QuoteGood morning everybody.

I hope the holidays have treated you all well, and I'd like to give you all an update to my transition.

HEALTH INSURANCE

Currently Cigna does not fully cover me. In the EOB it states that "transsexual surgery including medical or psychological counseling and hormonal therapy in preparation for, or subsequent to, any such surgery" is exempt. It is a common misconception that surgery is the desired end in a successful transition. This is not the case and In fact many people choose not to undergo such surgery. However, this limitation does mean that hormone replacement therapy and psychological counseling is explicitly not covered. It also doesn't list which surgery is excluded. For example, if a transgender man gets uterine cancer and has a hysterectomy, is that covered? For most insurance companies, it is not. It is additionally problematic because there is no real way to prove that hormone therapy and gender counseling isn't in preparation for surgery, which makes it very easy for insurance companies to deny coverage to transgender patients. While they are covering my medications right now, as soon as I start making the process to change my gender marker (both within the company and legally) I will no longer be able to slip under the radar, so to speak, and will most likely end up having to pay full costs. I'm not entirely sure how to go about changing this. Usually a change of this magnitude is effected by mandates from the federal or state government and not by individuals.

TRANSITION DATES

I've thought long and hard about this, and I've decided that I want to fully transition by the end of April. I needed to set a hard and fast date for myself or else I'll just keep on waffling about it and never get any closer to actually doing it. This will give us a good four months or so to come up with a solid gameplan on how we want to handle this transition.

COMMUNICATION

It has come to my attention that a fellow employee has found my Facebook profile. This is a little problematic since I'm fully out to my family and friends there, and have even changed my name to reflect what I prefer to go by (Katherine.) This lead up to a very good conversation that I had with  Paul about it, and he assured me that this will not be a problem. However, there are some lingering doubts that once the cat is out of the bag, you can't get it back in. Fortunately, I haven't seen any change in behavior towards me from my fellow employees, which means that either Paul's assurances are founded,  or I'm completely oblivious. Again, I'm not entirely sure what to do at this point. Do we want to send out communication to my fellow employees here in New Jersey that explains the situation? Or do we want to wait until the end of April when we start the transitioning process?  Please let me know what you think about this.


Thank you,

To which the VP of HR replied:

QuoteErik,

I am in receipt of your email.  I hope you have had a great holiday season.
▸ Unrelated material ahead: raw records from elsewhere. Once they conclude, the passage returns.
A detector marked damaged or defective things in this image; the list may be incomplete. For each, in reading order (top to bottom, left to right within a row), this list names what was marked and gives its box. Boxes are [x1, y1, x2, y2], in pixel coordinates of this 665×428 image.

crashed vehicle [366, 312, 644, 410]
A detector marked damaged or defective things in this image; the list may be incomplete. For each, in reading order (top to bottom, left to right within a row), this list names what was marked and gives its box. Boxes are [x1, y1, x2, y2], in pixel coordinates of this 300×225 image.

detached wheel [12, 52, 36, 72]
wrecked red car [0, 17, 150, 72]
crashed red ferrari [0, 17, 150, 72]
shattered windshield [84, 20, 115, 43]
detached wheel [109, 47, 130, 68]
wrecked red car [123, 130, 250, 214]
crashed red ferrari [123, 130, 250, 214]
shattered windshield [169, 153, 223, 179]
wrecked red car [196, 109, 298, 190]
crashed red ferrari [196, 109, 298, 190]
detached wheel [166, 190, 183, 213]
With respect to health insurance, you should work directly with Cigna or our Lennar benefits director, Melissa.

To the extent you would like some sort of formal communication to the others in the office, please contact me with your preferences on what you would like communicated and when.  We will be as cooperative as reasonably possible with your wishes on this to the extent allowed by applicable law and company practice.
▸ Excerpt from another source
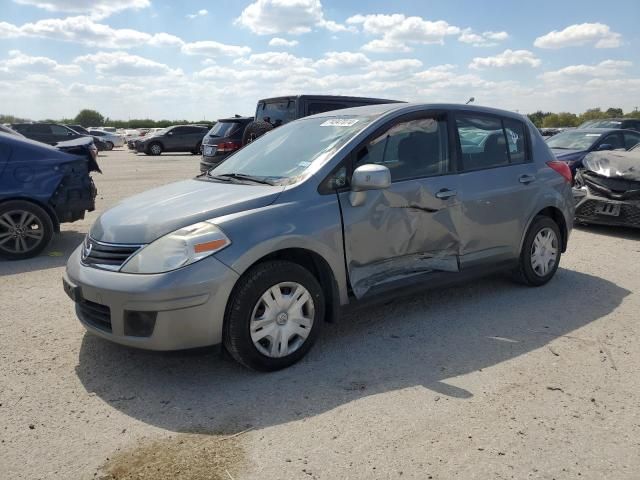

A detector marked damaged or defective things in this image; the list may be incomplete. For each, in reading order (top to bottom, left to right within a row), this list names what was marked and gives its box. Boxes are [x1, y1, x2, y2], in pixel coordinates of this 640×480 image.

Because Facebook is a public forum for social media expression, we are not able to limit who has access to the pages of associates.  The company will expect that all associates govern themselves according to the expectations as set forth in the Associate Reference Guide and based on your email it sounds like associates are complying. 


So. Progress I guess? At least I set a firm date on my transition to full time. That'll give me a concrete goal to work for instead of 'whenever I feel ready,' because let's face it: I'll never feel like I'm ready.